When David Brown got word his 73-year-old mother was shot during church services, he didn't know what the protocol was.
"This is my first disaster of this sort that was so close to home," he told mySA.com.
Doctors were amazed Farida Brown's blood vessels were not struck by one of the bullets and pieces of shrapnel that hit her body. Bullet shrapnel struck her left hip, under her kneecap and above her left knee, traveling up to the top of her femur bone, David Brown said.
"The floors, all the pews and the walls are splattered with blood," David Brown told mySA.com. "The flooring is completely covered with blood."
"I heard it was so bad that it was almost raining out of the church."

"Rod Green, 71, an elder at the First Baptist Church, said he went to a yard sale Sunday morning instead of attending services. He learned about the tragedy over a series of phone calls.
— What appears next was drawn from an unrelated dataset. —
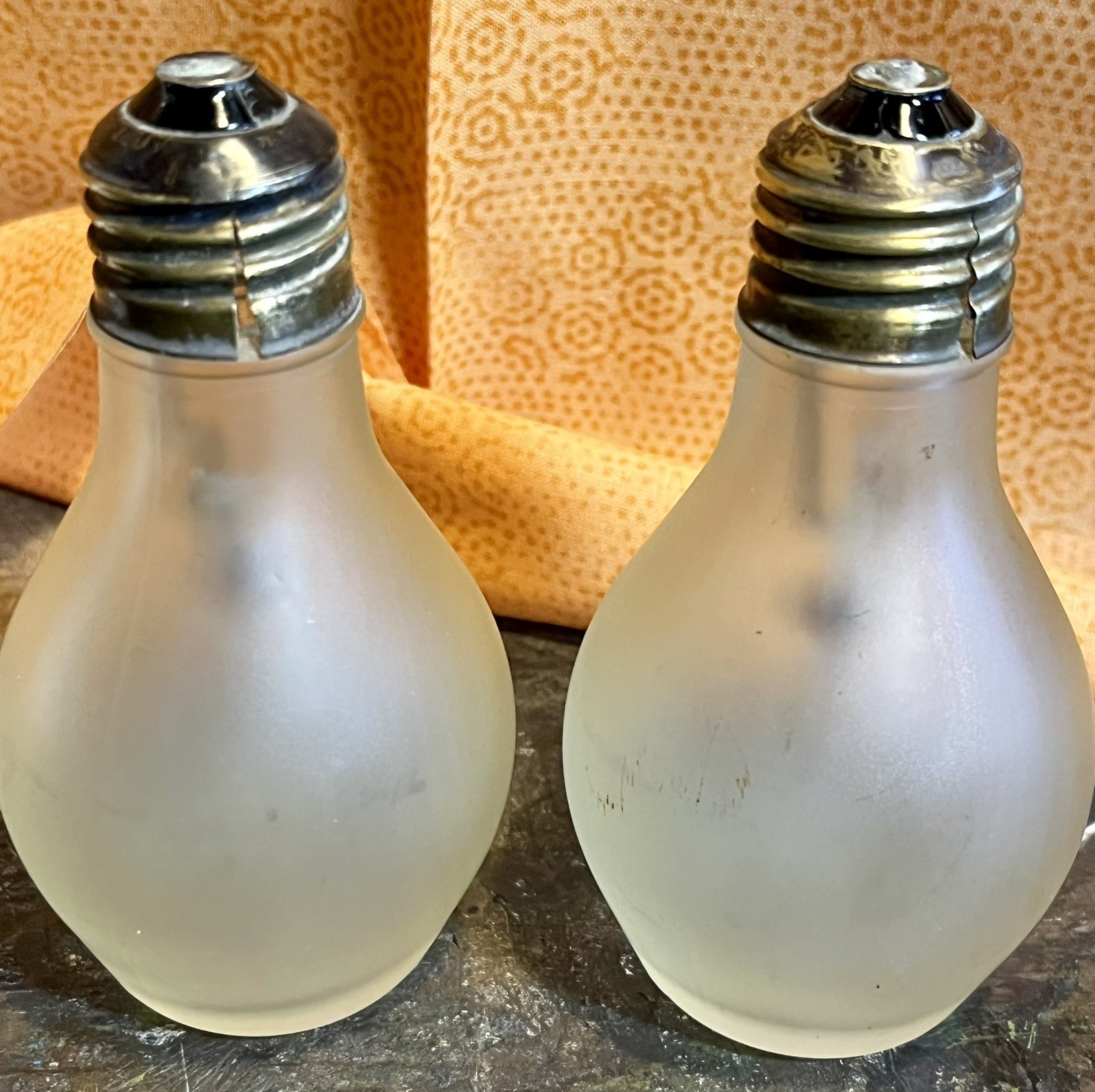 Vtg GE Halogen Decorative Light Bulb Frosted Specialty Pair WORKING 60W 75W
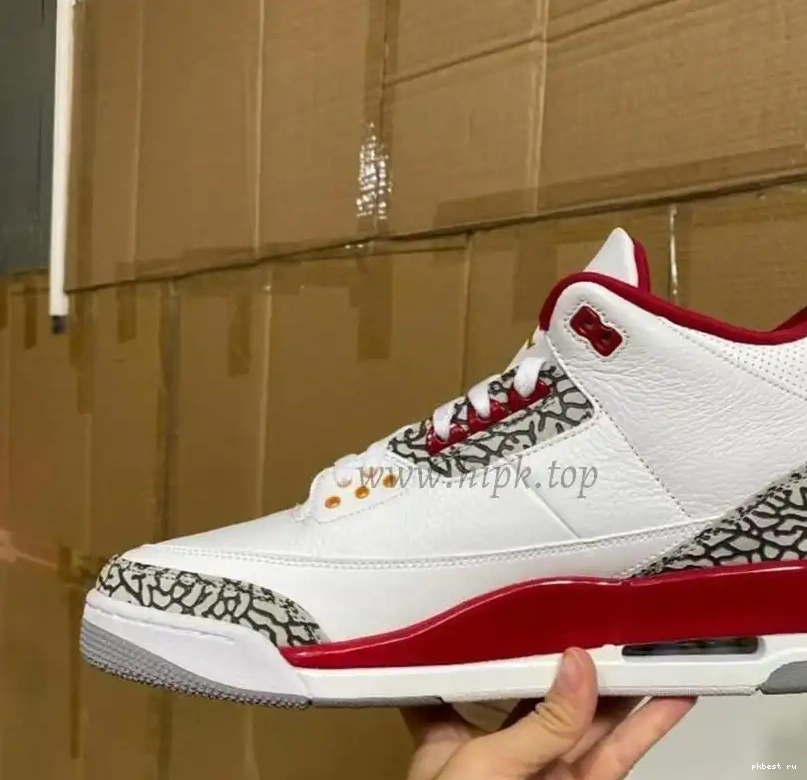God Cardinal retro to air materials Pk ready 3 jordan ship Red retail 0527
"Green recalled how, at the beginning of each service, everyone would stand up in the pews and greet each other. It was a chance to reconnect with each other, each week, Green said."
"I shook every hand in that church," he said. "Let them know that it's good to see them."
"The church didn't have a seating chart, but after years together everyone had settled into their particular spot. Green said Dennis Johnson, one of the victims, always sat in the row next to him, across the aisle."He said he won't be able to stomach seeing empty seats without thinking of their former occupants.
" 'I don't think it's going to be possible to get back in that building, Green said. "I know myself and my wife Judy don't want to use that building."